Located on Back Creek, the Marsh Walk invites you to stroll over the flats of our own scenic, natural saltmarsh. Here you will find trace evidence of raccoon, opossum and muskrat spied in the form of footprints and easily viewed from the low boardwalk. Water snakes slither through the shallows and fiddler crabs temporarily retreat into their burrows at your approach. Great blue herons, red-winged blackbirds and belted kingfishers are frequent visitors. Learn how marshes work as nature’s filter by cleansing the water with each tidal change, and as nurseries for the young of so many tasty bay inhabitants.
What you can expect to see:
This outdoor experience is a living classroom exhibiting the plant and animal communities that inhabit brackish water, freshwater, and upland marshes characteristic of the Chesapeake Bay. As you exit the Aquariums area, the saltmarsh is immediately in view. Let the boardwalk be your guide. Signs along the way will help in identifying the various plants and animals that live in this habitat. At the boardwalk's end, a trail winds on through a small wooded area representative of native upland marsh. A small change in elevation makes a big difference in what plants dominate. Look for woody shrubs and a variety of mammals from rabbits to squirrels to muskrats. The trail brings you full circle, terminating at the freshwater marsh to the right and our own rain garden to the left. Look for cattails, bald cypress, painted turtles, and nesting birds. The rain garden, doubling as a butterfly garden, is planted with native wildflowers to attract an assortment of pollinating insects. This exhibit is made possible only through the dedicated labors of the museum's volunteer Garden Guild.

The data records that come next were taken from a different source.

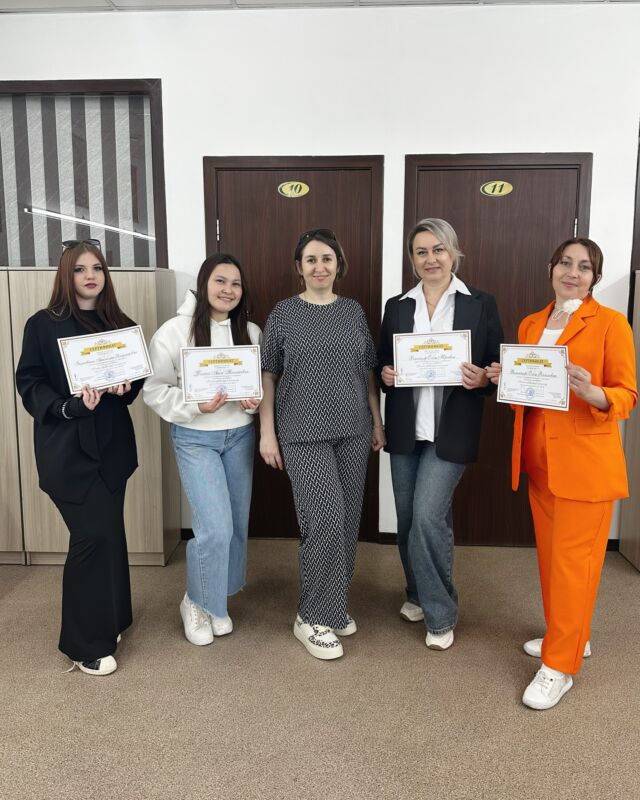 🌈 Поздравляем наших Выпускниц  с базового курса Мастер ногтевого сервиса! Две Олеси, Анель и Анастасия💃🏼💃🏼💃🏼💃🏼  Группа старательная и талантливая. Уже можно с уверенностью начинать свою деятельность и нарабатывать клиентскую базу! 💖💖💖  Благодарим преподавателя за квалифицированное обучение и самоотдачу! Вот что значит мастер, влюблён в свою деятельность! ❤️
С выпускницами мы всегда на связи, ждём на курсах повышения квалификации 🙌 Александра сразу записалась на курс Эстетический педикюр дисками, пожелаем ей успеха в новом курсе!  Хотите научиться делать качественный и аккуратный маникюр 💅и педикюр? Научиться всем основным техникам салонных дизайнов? Тогда ждём на нашем курсе!  Следующий КУРС МАНИКЮРА с 19 по 26 МАЯ 🌷
Большой практический курс!!! 💖
Либо индивидуальный курс по договоренности с мастером  Итак, вас ждут: 
6 занятий по 4 часа.
⠀
Учебный план:
⠀
🌺Комбинированный и классический маникюр, педикюр, салонные дизайны ногтей (около 10 видов), гелевое покрытие близко к кутикуле, выравнивание ногтевой пластины, ремонт и  донаращивание ногтей.
⠀
🌺Дезинфекция, стерилизация инструментария и рабочего места, требования СЭС.
⠀
🔥Умение работать с клиентами и нарабатывать клиентскую базу. Делать красивые фото работ. 
⠀
Весь расходный материал и модели предоставляем.
⠀
💎По окончанию выдаются 2 сертификата, есть сертификаты международного образца.
⠀
Предлагаем вакансии.
⠀
Все подробности по телефону 8-701-764-38-73  #psотзывыманикюр 
#курсыманикюркараганда
#обучениеманикюркараганда
#маникюркараганда
#маникюркурсыкараганда
#курсыкараганда 
#курсыманикюравкараганде 
#курсманикюркараганда 
#курсыманикюракрг 
#курсманикюркрг
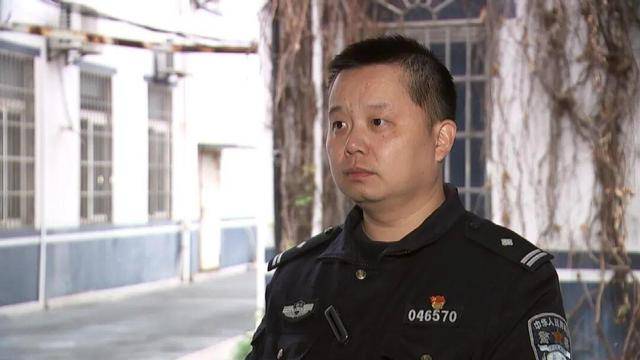 砰！浙江女子刚坐进车里<strong></p>
<p>欧罗巴币</strong>，一把菜刀砸在眼前，随后剪刀又飞来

Activity in saltmarshes is guided by the ever-changing tides and seasons, thus the exhibit is forever in flux. Winter is quietest and most marsh inhabitants are not evident. Fiddler crabs, turtles and periwinkles seek shelter in mud homes, or gathered below the waterline. Watching the wax myrtle bushes may yield sightings of yellow-rumped warblers feasting on berries. Scan the water for winter waterbirds. Grebes, mergansers and an occasional loon will visit the boat basin during this season. Recently, a single great blue heron has taken up a winter residence in the basin and can be seen almost daily during the colder months. Ever wonder what it is eating?
The marsh turns green in the spring. Cordgrass (spartina) begins to grow and the water begins to cloud with algae and increased sediment stirred by spring showers. Small fish become noticeable, returning from deeper channels. Osprey return after wintering in South America as the temperature begins to warm. Through April and May a variety of birds migrate through our region. Sightings include gray catbird, common yellowthroat, American redstart, and many others.
Summer warmth ushers fiddler crabs and marsh periwinkles from dormancy. Flowers blossom as bees, dragonflies, and butterflies appear. Jellyfish and comb jellies hover in the water, carried on the tides, and blue crabs and water snakes creep about. Birds like the green heron, great egret, and great cormorant work the water finding fish. Turtles bask in the sun, a peculiar habit that reduces external microbial growth and provides for vitamin synthesis.
Autumn approaches and temperatures cool, the periwinkle and fiddler crab activity slows. Plant growth halts but fall flowers give accent to the already-rich splendor of the leaf change. As the season progresses and the leaves brown, many birds take flight or move through on their annual migration south along the Atlantic Flyway. As you watch for crabs, fish, and muskrats, and smell the sweet perfume of the flowers or the salty tang of exposed mud flats, and listen for the sounds of the marsh birds, remember to appreciate the importance of wetlands and the distinctive beauty that is the Chesapeake Bay.